Canada – Land of Real Estate Opportunity

Many of Canada’s cities have at some point been declared the ‘World’s most livable city’, a reputation earned on the basis of five indicators-infrastructure, stability, environment, healthcare, and culture. With an enviable record like that, Canada real estate is hot property.

With flat, sandy beaches and looming, gigantic mountains, vast open plains and bustling cities, Canadian real estate is as diverse as it is immense. Vibrant South Asian and Chinese communities add ethnic and cultural diversity to this exciting country.

Rules Governing Non-Canadian Real Estate Owners

Any non-Canadian who intends to purchase real estate within Canada and assemble tenants for rent must file form NR6 prior to receiving the first months rent. This form permits the property owner to remit taxes on their net estimated rental income. Those who do not file this form must remit 25% of their monthly rental income to the government-by the 15th of the next month.
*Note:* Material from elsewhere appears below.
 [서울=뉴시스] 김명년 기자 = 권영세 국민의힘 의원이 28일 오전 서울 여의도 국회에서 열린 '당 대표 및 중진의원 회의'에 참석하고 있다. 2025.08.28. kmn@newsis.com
Most realtors recommend filing for this certificate as soon as you accept an offer and are finalizing the close on your property. Avoid paying the 25% government royalty-file early.

Mortgage Information for Non-Canadian Real Estate Buyers

Several financial institutions in Canada have designed lending programs to meet the special needs of non-Canadian real estate buyers. Typically, property buyers are required to make a minimum down payment of 35% of the agreed upon price.

Canada’s new immigrant program permits individuals who do not have a permanent or settled status to buy property without having to make the traditional 35% down payment.

However, if you want to qualify for this exemption, you must meet or exceed the following requirements:

– Have a minimum 2 year work visa as well as a work contract of the same duration. Executives who get transferred can also take advantage of this allowance if they earn 60K per year.

– Furnish a bank reference letter

– Reside in Canada at the time of purchase

Costs Involved in Buying Canadian Real Estate

If you’re considering buying Canadian real estate, keep in mind the various miscellaneous costs that are associated with closing on a property.

A few basic costs may include include:

Taxes: Canada imposes a 7% tax on new housing, with an applicable rebate if the cost of the home is less than $450,000. Resale housing does not draw the tax unless it has undergone significant renovation. If so, it’s taxed as if it was a new house.

Property Taxes: Property taxes vary depending on location. Your realtor can give you details depending on your location.

Appraisal Fee: If your loan is uninsured, the lender may ask you to complete a property appraisal. Appraisals cost anywhere between $150 and $500. Appraisers generally charge based on square footage.

Other various costs could include lawyer’s fees, survey fees, property insurance and home inspection fee.

Buying real estate in Canada can be an exciting experience. The best advice is to plan ahead-both in property selection and financing.